Conhecer o contexto é vital na comunicação, pois nunca sabemos o que uma partícula de nossa mensagem pode causar quando atinge um contexto desconhecido. Hoje, por exemplo, recebi um e-mail de um que não é meu neurologista, mas quis dar uma segunda opinião:
"Fico abismado com a cultura acima do normal e o conhecimento que o senhor tem. Mas fico mais triste em saber que o senhor não tem foco em sua vida. Aparentemente, salvo melhor juízo, o senhor é um oportunista, 'chavequista' e aproveitador de mentes. Sua administração cerebral não é das mais honestas."
Meu dicionário não tem "chavequista", mas tem "xaveco", que é "comportamento imoral, criminoso e cínico". Será que algo que eu escrevi gerou aquela reação por causa do contexto ou do mérito da questão? É comum alguém que só viu o rabo do elefante achar que o animal seja um pincel.
Alguém mal informado pode querer agradar outro que pegou febre amarela com o elogio: "bonita cor". Alguns, com filhos pequenos no contexto moral de sua sala, podem querer a censura de programas carregados de sexo, dinheiro e poder. Outros podem nem ligar que seus pequenos assistam à sessão da tarde da TV Senado em lugar do desenho animado.
O contexto também muda com o passar do tempo. Em 1903 dois obscuros mecânicos de bicicletas de sobrenome Wright fizeram um vôo secreto e o jornal de sua cidade natal, o Dayton Daily News, noticiou assim:
"RAPAZES DE DAYTON EMULAM O GRANDE SANTOS-DUMONT"
Como vocabulário também cria contexto, algum leitor menos versado pode achar que os irmãos Wright chamaram Santos-Dumont de ‘mula’. Nada disso. O jornal disse que eles 'imitaram' "o grande Santos-Dumont".

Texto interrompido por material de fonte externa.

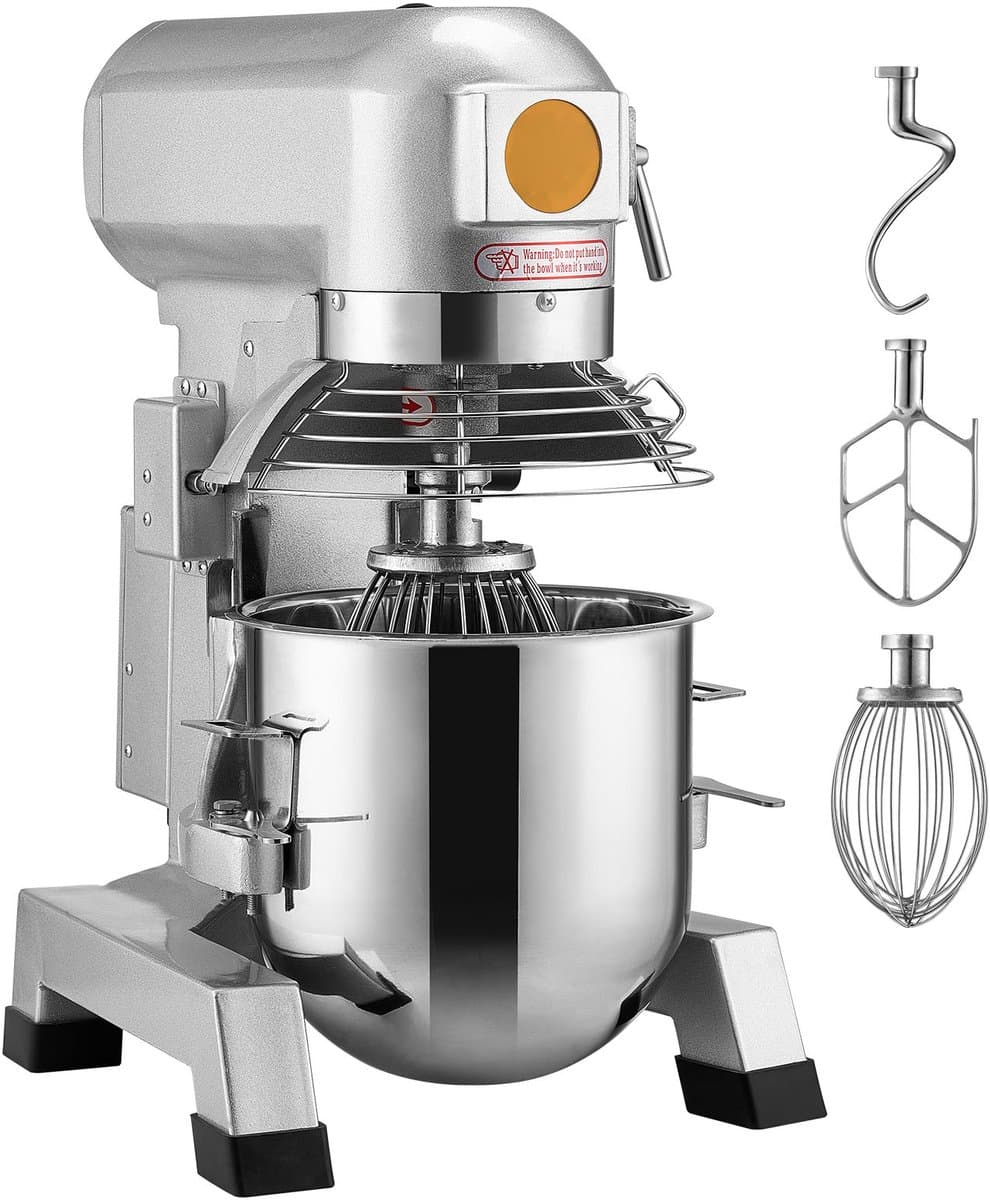 Commerciële Voedselmixer, Capaciteit 7,3 Qt, Dubbele Roterende Deegkneder van 550W met Roestvrijstalen Kom, Veiligheidsschild En Timer, Ideaal voor Restaurants En Bakkerijen — afbeelding 1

Grande Santos-Dumont? Num jornal americano? Sim, o jornal achou que o vôo secreto tinha sido em um dirigível, e na época todo mundo sabia que o milionário brasileiro que vivia em Paris e não perdia uma festa no Castelo de Caras era o Ayrton Senna dos dirigíveis.
Se perguntar hoje a um repórter do mesmo jornal é capaz de receber um "Santos-Quem?" como resposta. É que agora até a versão americana da enciclopédia Encarta traz os irmãos Wright como inventores do avião e Santos-Dumont como... ué, devia estar por aqui...
Não sei o que diz a versão brasileira, mas sei que a Microsoft criou diferentes versões para agradar a gregos, troianos e italianos. Nesta última o inventor do telefone é Antonio Meucci, e não o Graham Bell da versão americana. Enquanto na americana Thomas Edison inventa a lâmpada só, na versão britânica ele ganha um coadjuvante, o britânico Joseph Swan.
A Microsoft sabe que se não levar em conta o contexto do cliente ele descarta sua Encarta. O mesmo acontece na comunicação. Se o que eu disser não encontrar um par no contexto do universo de meu interlocutor, cuspi palavras ao vento. Aconteceu comigo esta semana.
Quando vi, de primeira mão, meu sexto livro numa vitrine, não resisti. Comprei um. Na hora de pagar, meu ego me garantiu que era impossível um escritor como eu não fazer parte do contexto de um funcionário de livraria. Por isso, para brincar, perguntei ao rapaz se o livro era bom, achando que ele me reconheceria pelo nome no cartão.
Não sei por que ainda escuto meu ego. A resposta do rapaz me fez ver que eu ainda não fazia parte de seu contexto.
-- Não conheço o autor. Mas o livro deve ser bom, porque o prefácio é do Max Gehringer. Os livros dele eu li e são bons.